Advanced Instrument Training

How do your training programs differ from those by other flight schools or by the major simulator schools?

In a nutshell, the key differences are:

  • We provide actual flight training and a full-motion flight simulator (not just a simulator) 
  • We train in actual instrument weather when it is safe to do so (not just hood training) .  Weather-permitting, we can fly either in your airplane or (for single-engine pilots) in our known-ice, spherics/radar-equipped, dual-alternator, 5-gyroscope equipped Cessna P210N.  [Cessna P210N N102KY is available for dual instruction for $150/hour in addition to regular instructor/simulator fees.]
  • I operate a very personalized flight school with instructors who, like myself, have an a passion for practical, safe general aviation cross-country flying
  • We provide significantly more opportunity for hands-on flight or simulator training per day than do the major flight simulator training schools -- up to 10 hours per day of simulator use if desired
  • Ground instruction is done in a personal and customized setting with the instructor and 1 or 2 students and is not based upon predetermined lectures or videotapes
  • At the completion of a training program you can stay for additional days of solo full-motion simulator use  --- this opportunity is unique in the simulator training industry and is an excellent opportunity to master emergency techniques and advanced avionics procedures which you can first practice with me.

Why train with both an airplane and a simulator?  

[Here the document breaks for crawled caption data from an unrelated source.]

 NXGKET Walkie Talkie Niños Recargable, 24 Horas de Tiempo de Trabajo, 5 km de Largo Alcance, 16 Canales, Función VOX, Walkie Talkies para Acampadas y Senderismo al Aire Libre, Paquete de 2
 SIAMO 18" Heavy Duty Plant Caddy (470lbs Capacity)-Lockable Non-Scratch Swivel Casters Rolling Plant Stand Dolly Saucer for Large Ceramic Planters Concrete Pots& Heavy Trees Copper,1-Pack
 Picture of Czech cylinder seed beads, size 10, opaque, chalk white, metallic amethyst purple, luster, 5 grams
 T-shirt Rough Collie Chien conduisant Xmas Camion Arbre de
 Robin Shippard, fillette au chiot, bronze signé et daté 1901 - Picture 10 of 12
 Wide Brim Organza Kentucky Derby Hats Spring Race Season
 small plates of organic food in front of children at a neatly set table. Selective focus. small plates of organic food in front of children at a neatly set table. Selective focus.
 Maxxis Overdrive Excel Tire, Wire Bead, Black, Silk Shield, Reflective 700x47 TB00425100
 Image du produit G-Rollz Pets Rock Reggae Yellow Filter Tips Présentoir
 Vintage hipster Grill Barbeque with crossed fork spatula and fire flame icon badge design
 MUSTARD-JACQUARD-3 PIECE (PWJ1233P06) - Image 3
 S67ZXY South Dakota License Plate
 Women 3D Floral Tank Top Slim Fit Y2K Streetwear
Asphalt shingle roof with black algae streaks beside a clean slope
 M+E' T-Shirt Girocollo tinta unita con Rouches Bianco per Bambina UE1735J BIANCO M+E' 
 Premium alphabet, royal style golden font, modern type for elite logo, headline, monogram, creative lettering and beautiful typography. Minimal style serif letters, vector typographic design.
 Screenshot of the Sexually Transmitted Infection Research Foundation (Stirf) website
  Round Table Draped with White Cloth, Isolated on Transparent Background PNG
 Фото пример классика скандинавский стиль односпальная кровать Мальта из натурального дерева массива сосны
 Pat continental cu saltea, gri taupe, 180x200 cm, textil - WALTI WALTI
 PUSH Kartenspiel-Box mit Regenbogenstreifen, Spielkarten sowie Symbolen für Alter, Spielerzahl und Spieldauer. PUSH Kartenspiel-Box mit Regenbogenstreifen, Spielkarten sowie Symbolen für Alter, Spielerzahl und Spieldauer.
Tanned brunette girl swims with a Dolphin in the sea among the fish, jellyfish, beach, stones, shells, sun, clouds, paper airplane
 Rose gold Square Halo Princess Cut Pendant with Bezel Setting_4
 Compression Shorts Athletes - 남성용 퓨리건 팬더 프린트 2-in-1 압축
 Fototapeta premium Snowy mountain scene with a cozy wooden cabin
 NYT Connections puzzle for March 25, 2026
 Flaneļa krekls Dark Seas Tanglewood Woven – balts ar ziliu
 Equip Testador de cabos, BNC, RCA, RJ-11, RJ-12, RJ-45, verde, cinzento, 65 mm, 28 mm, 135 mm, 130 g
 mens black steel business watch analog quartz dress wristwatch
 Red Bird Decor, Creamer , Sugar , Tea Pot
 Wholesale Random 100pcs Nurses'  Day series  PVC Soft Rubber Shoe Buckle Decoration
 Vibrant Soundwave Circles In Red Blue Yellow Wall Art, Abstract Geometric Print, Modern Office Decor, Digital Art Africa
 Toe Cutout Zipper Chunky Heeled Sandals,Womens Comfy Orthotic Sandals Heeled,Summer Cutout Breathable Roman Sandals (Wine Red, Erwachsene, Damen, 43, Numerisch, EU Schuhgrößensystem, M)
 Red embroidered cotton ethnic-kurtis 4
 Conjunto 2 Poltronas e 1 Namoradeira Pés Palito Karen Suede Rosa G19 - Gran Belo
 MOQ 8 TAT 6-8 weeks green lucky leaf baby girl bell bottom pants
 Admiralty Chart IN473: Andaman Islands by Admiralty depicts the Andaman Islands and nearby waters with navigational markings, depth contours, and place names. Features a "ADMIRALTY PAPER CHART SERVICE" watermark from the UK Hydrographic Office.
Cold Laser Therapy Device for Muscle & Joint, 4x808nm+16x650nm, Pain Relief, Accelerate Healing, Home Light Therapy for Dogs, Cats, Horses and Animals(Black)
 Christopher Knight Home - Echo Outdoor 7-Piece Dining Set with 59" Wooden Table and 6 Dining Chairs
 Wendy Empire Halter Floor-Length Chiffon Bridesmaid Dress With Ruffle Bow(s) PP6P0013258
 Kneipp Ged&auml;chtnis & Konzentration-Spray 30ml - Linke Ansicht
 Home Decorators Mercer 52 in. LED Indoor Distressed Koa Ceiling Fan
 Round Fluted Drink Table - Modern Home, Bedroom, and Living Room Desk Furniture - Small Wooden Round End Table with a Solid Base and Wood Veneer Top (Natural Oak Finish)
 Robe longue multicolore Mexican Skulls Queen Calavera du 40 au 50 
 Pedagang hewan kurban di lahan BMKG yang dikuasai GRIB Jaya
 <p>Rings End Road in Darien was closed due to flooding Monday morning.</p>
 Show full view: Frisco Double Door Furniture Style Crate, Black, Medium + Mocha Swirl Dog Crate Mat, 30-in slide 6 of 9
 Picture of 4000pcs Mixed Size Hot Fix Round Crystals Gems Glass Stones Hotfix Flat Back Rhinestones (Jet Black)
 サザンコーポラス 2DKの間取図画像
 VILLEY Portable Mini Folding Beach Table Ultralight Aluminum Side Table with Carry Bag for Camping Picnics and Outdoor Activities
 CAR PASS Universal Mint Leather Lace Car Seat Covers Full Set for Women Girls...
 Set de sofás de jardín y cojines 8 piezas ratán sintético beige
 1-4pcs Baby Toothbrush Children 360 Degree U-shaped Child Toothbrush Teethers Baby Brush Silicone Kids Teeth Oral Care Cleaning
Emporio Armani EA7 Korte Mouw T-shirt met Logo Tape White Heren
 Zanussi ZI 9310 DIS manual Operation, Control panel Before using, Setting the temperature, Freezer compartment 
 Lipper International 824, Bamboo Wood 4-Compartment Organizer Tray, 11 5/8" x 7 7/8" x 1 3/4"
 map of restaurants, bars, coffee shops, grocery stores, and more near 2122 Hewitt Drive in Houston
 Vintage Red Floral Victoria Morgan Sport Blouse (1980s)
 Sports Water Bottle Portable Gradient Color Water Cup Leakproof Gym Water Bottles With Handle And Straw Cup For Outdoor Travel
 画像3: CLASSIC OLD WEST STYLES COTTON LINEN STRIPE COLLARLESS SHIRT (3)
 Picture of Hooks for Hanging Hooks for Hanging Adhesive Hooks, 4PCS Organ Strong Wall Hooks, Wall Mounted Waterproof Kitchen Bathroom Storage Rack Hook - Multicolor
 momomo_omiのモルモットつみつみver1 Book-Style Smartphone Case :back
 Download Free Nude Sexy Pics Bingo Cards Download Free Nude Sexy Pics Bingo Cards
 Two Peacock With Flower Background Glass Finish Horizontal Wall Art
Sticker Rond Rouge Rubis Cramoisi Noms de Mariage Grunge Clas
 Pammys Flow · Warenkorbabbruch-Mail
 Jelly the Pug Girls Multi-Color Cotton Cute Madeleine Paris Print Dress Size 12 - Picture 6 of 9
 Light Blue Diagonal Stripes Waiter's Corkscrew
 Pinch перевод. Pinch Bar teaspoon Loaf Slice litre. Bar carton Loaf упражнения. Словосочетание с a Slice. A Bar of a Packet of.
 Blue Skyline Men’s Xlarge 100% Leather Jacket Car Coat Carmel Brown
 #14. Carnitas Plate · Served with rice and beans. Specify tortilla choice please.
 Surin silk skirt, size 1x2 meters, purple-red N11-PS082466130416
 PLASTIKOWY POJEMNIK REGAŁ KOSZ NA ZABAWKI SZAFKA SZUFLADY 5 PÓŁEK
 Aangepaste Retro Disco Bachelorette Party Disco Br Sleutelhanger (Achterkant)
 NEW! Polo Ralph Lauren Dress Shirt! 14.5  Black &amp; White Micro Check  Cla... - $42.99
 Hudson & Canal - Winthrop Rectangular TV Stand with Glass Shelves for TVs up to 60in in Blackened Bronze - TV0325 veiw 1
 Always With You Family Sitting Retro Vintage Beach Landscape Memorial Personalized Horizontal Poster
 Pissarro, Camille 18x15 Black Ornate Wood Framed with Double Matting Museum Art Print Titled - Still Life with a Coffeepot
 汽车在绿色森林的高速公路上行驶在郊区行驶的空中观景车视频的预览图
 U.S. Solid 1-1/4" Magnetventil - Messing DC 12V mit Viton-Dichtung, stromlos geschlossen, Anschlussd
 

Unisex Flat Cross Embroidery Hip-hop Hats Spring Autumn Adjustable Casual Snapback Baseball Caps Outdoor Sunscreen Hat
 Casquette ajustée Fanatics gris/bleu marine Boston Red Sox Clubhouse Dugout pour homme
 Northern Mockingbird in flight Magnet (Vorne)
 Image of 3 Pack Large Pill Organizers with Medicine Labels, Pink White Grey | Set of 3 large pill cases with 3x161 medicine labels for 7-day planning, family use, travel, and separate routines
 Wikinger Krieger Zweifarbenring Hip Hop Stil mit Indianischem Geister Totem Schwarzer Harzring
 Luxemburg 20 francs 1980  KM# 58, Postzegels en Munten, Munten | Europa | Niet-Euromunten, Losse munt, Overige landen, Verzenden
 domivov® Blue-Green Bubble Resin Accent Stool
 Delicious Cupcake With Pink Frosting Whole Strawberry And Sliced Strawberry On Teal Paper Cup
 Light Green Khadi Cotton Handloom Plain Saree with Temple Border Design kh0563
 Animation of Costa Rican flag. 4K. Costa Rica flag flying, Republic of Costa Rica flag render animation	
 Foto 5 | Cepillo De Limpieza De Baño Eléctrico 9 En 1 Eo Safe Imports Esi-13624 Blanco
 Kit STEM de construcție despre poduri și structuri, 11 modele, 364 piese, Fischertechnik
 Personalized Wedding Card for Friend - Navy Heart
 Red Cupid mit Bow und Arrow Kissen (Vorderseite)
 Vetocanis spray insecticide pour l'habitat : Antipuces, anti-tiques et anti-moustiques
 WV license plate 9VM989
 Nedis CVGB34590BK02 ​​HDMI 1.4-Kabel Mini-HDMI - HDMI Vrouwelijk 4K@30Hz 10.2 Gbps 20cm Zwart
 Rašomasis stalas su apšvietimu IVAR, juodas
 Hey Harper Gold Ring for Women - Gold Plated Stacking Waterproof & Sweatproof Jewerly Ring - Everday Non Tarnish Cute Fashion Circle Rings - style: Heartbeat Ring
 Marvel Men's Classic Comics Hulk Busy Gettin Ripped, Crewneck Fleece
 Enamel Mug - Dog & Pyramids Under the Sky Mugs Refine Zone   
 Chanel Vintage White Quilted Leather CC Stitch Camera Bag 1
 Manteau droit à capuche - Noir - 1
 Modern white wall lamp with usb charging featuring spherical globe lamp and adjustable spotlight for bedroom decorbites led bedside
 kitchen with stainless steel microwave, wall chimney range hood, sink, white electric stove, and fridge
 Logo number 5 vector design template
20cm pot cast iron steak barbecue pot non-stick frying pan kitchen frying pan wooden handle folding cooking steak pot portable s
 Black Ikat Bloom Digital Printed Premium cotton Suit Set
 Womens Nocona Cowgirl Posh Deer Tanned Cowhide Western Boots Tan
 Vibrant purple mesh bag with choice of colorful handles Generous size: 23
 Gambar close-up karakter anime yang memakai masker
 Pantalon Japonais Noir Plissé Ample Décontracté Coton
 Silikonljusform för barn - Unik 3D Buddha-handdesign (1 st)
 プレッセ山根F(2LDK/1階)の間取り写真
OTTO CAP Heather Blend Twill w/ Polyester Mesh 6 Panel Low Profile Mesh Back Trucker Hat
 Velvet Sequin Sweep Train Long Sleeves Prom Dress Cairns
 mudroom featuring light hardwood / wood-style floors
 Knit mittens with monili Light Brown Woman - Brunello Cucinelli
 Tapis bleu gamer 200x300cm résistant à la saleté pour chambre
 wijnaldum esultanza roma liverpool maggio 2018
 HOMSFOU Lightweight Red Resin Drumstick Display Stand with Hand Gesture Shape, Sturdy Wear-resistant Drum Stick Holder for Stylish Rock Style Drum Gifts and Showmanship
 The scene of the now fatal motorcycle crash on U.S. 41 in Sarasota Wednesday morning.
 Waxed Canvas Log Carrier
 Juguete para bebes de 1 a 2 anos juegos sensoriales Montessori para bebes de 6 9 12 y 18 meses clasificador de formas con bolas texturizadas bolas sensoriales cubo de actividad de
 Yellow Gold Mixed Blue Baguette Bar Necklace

Each training situation has its own advantages so we can utilize the airplane and the simulator where each one works best.

The AIRPLANE is best for teaching aircraft-specific stick and rudder skills, powerplant management, and airplane-specific emergency procedures.   Of course the airplane is also best for teaching about real-world weather interpretation; there is no simulator as worthwhile as actually shooting an ILS to minimums when the approach lights appear before the runway, and there is no simulator which can teach as effectively as a TKS-equipped airplane about how to  negotiate with ATC regarding in-flight icing.

The SIMULATOR, on the other hand, is useful for generic IFR "worst case" problem-solving scenarios which are applicable to any airplane.  For example, only in the simulator can I fail both the engine and the electrical system at night and only in the simulator can we wind up in IMC with the weather 100 and 1/4 mile for hundreds of miles around (all in good fun of course!).   Instruction in IFR GPS approach procedures can also be done very effectively in the simulator and can even be practiced further by renting solo simulator time.  Some critical systems failures cannot be experienced safely in the airplane, such as runaway electric trim, and some systems failures are hard to create in the airplane, such as static port blockage.  Experiencing these training scenarios in the simulator is of benefit to pilots of any aircraft.  And of course the simulator allows us to very effectively utilize ground time when weather does not permit flight training; this is particularly an advantage for students who set aside 2-3 days to travel from out of state for recurrent training.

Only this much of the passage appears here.